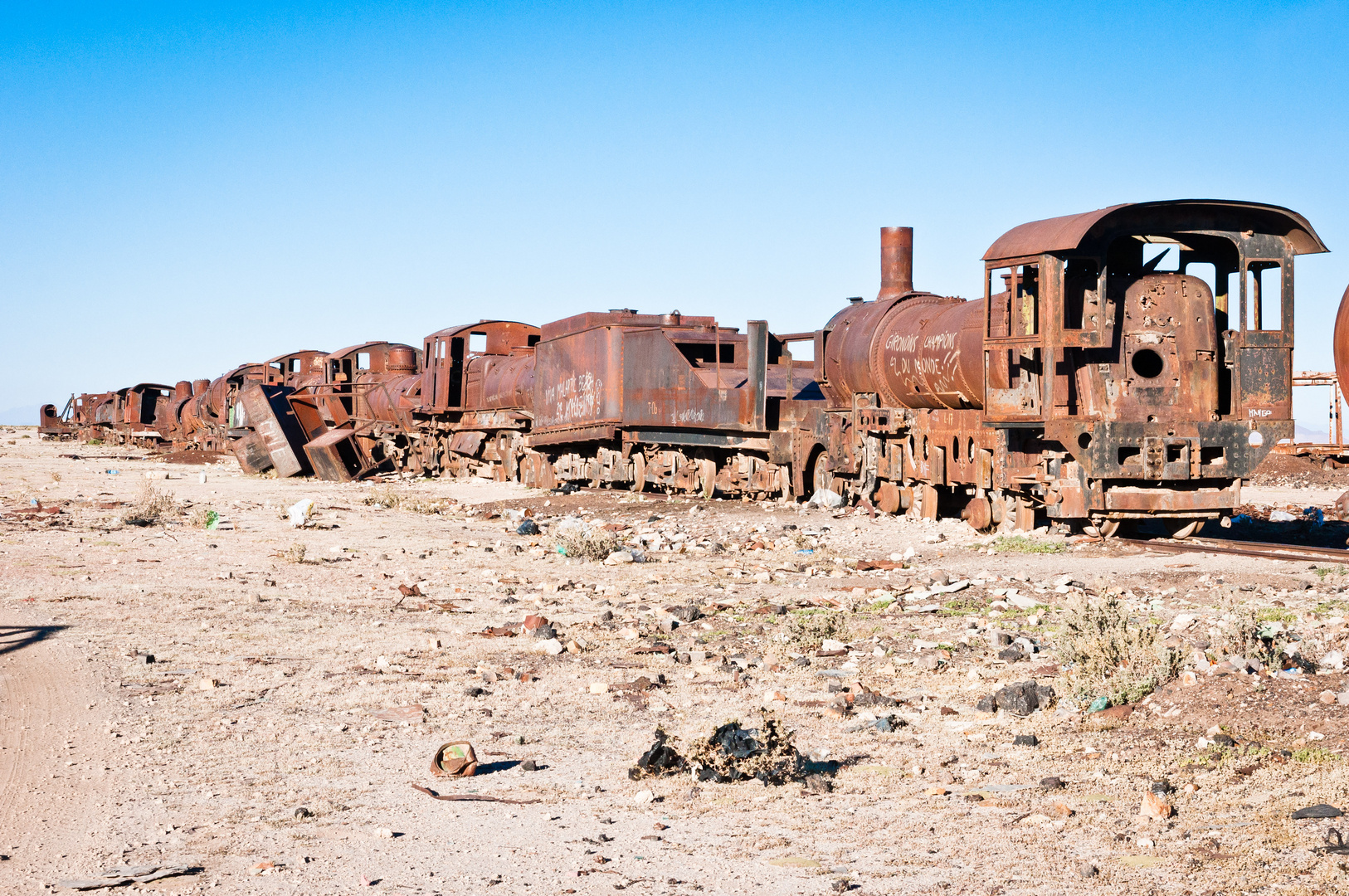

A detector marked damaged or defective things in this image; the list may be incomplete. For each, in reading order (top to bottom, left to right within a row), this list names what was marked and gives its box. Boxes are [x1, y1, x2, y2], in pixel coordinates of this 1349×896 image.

rusted steam locomotive [41, 199, 1314, 534]
corroded smokestack [876, 224, 909, 300]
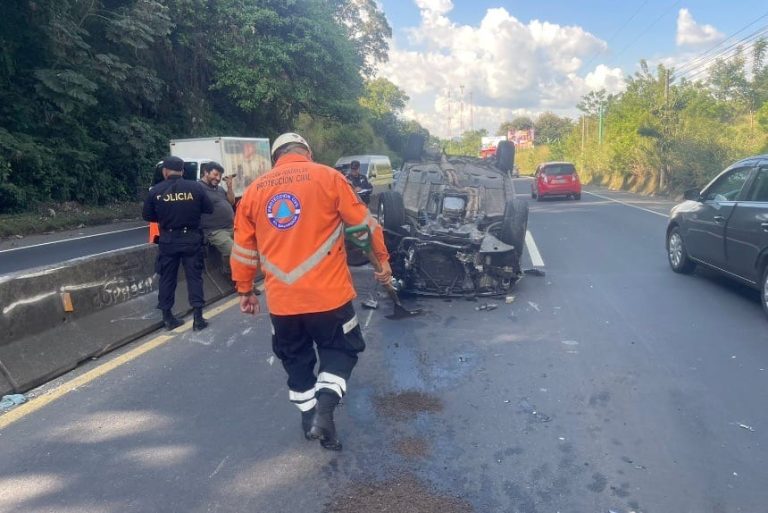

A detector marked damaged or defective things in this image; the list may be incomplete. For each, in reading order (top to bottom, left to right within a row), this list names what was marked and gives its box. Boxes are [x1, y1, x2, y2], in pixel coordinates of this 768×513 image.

overturned burned car [378, 136, 528, 296]
burn mark on asphalt [374, 390, 444, 418]
burn mark on asphalt [320, 472, 472, 512]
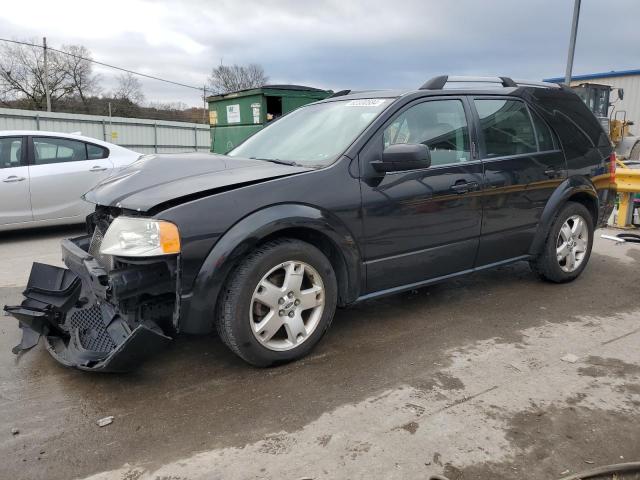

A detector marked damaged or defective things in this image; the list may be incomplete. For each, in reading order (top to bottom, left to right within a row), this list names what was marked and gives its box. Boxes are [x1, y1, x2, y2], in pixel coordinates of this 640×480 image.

crumpled front bumper [3, 235, 174, 372]
broken headlight [100, 216, 180, 256]
damaged black suv [3, 77, 616, 374]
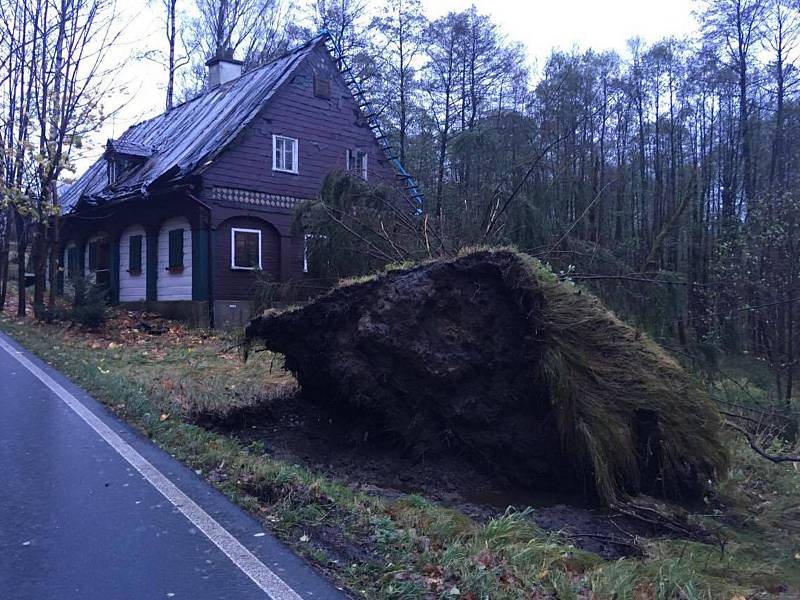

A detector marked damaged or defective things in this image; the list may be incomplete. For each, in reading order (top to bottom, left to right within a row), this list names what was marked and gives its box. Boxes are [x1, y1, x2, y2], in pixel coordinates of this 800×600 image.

damaged roof [60, 35, 324, 213]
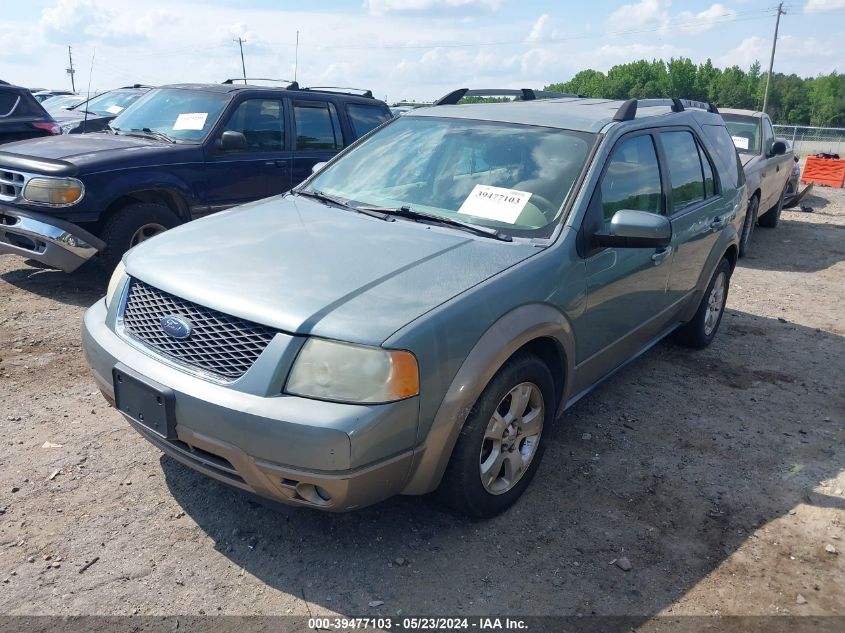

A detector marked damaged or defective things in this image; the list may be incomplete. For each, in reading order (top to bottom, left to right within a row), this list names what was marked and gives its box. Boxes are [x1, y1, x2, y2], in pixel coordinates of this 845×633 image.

front bumper damage [0, 205, 104, 270]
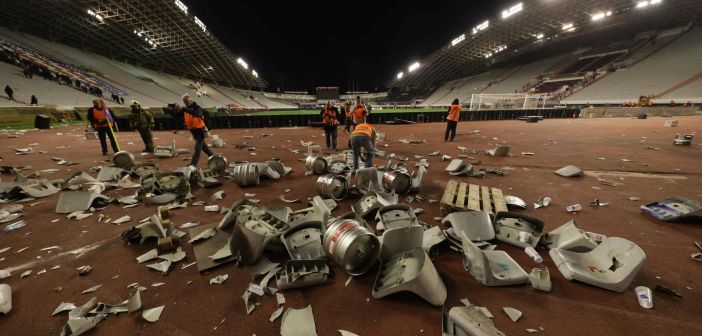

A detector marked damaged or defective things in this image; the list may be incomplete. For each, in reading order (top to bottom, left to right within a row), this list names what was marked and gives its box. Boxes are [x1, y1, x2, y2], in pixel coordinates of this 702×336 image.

bent metal piece [306, 156, 328, 175]
bent metal piece [316, 175, 350, 201]
bent metal piece [324, 218, 380, 276]
bent metal piece [372, 245, 448, 306]
bent metal piece [460, 232, 532, 288]
bent metal piece [492, 213, 548, 249]
bent metal piece [552, 235, 648, 292]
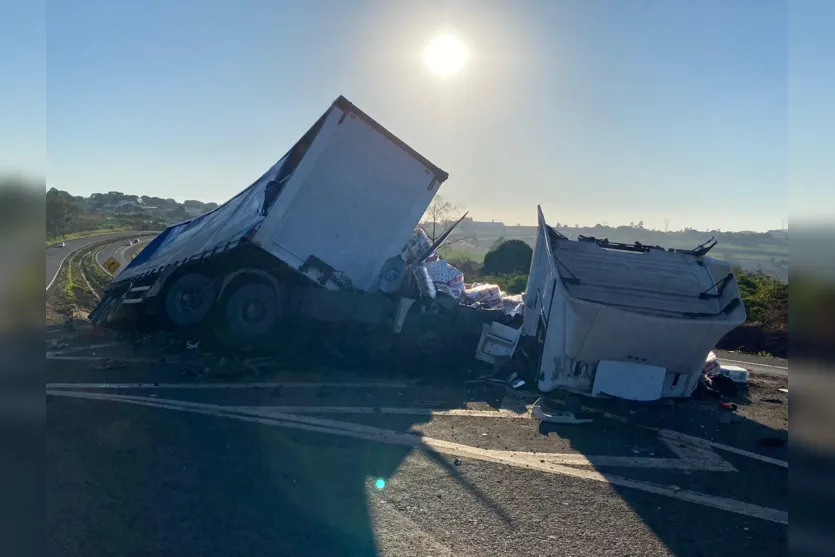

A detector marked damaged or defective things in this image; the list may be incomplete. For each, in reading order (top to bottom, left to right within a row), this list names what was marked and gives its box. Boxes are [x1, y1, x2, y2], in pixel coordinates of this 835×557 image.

wrecked vehicle part [91, 94, 458, 348]
overturned truck [91, 94, 510, 358]
damaged trailer [92, 94, 510, 348]
damaged trailer [520, 206, 748, 398]
wrecked vehicle part [520, 206, 748, 398]
overturned truck [516, 206, 752, 398]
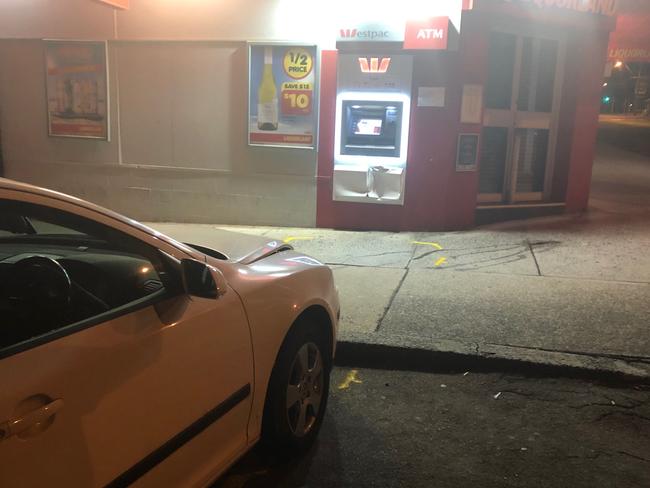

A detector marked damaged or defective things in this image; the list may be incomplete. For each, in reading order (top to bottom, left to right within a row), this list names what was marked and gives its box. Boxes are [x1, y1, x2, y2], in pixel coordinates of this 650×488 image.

damaged atm fascia [332, 53, 412, 206]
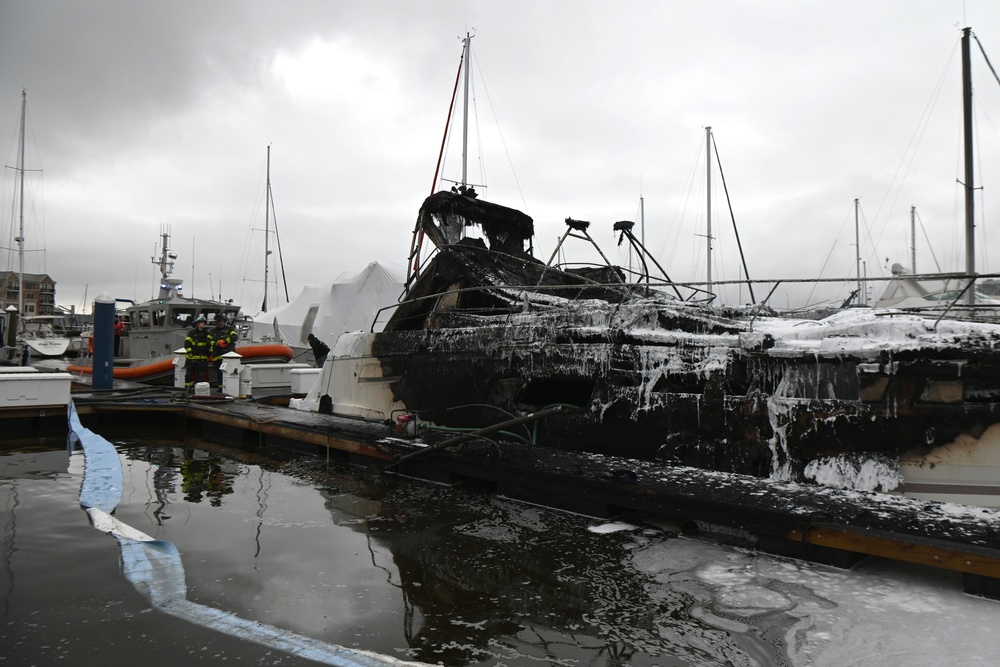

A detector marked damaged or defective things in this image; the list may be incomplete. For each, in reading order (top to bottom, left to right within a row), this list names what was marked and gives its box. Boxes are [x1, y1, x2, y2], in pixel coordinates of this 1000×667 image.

━━━━━━━━━━━━━━━━━━━━━━━━━━━━━━

_Assignment_. Leave the pictures out and restate exactly the lines from the one that has "this 835×557 image." through the final line of the entries above, both ends included.

_Answer box_.
A detector marked damaged or defective things in this image; the list may be incomplete. For each, in reading order (top to bottom, left to right within a row), this list names what was marked and gives its box. Boxes are [x1, y1, x2, y2], in pixel coordinates of this 835×557 image.

wrecked vehicle part [91, 94, 458, 348]
overturned truck [91, 94, 510, 358]
damaged trailer [92, 94, 510, 348]
damaged trailer [520, 206, 748, 398]
wrecked vehicle part [520, 206, 748, 398]
overturned truck [516, 206, 752, 398]

A detector marked damaged or defective things in this image; the list may be incomplete. For each, in reading order (top to bottom, left to right within a row), this list names what was marked and gives its box. Boxes are [x1, y1, x2, y2], in pixel coordinates of this 650×488 image.

damaged atm fascia [332, 53, 412, 206]

A detector marked damaged or defective things in this image; the list may be incomplete. For each, in reading order (top to bottom, left to right within a row), this list names what was marked and gives its box. Boxes are [x1, y1, x2, y2], in pixel coordinates of this 1000×667 image.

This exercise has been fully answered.